> [Problem requirements]: Go to the line below that has "6030 Placita Sayal - Photo 23", print it and each line after it exactly, and stop after the line that has "Календарик,тигр,2010"; leave out pictures.

> [Given data]:

__________________________________________________

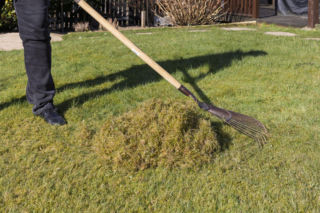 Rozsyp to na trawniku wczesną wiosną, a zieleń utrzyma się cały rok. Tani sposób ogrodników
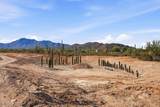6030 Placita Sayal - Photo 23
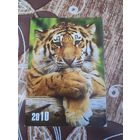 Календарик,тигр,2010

__________________________________________________

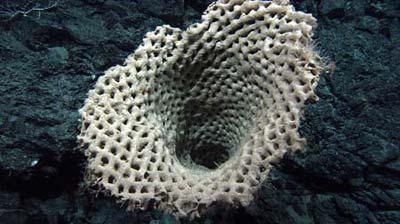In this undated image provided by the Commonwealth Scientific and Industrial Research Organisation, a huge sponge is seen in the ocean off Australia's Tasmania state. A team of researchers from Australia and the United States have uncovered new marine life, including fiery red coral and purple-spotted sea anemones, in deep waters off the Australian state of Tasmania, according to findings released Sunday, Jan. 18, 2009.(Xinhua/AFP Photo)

__________________________________________________

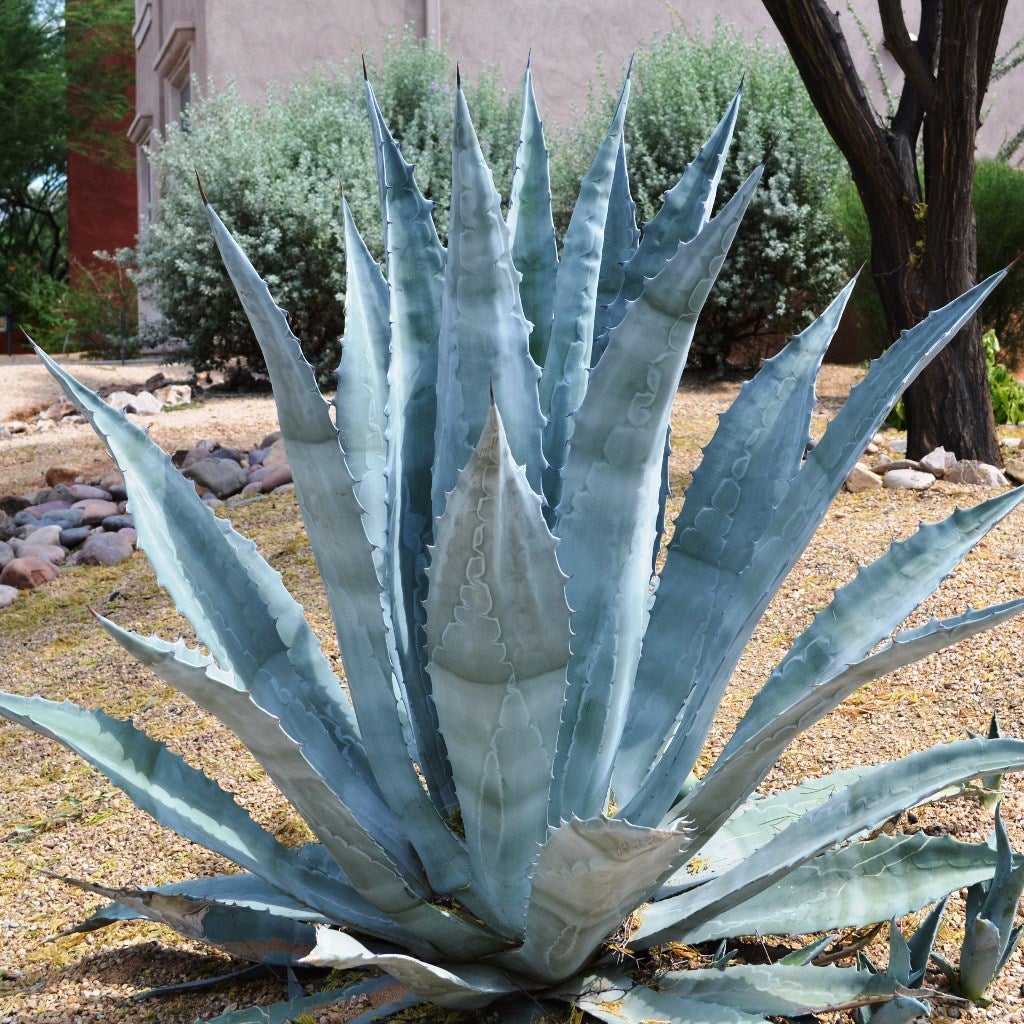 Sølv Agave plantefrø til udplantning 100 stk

__________________________________________________

> [Written reply]:
6030 Placita Sayal - Photo 23
 Календарик,тигр,2010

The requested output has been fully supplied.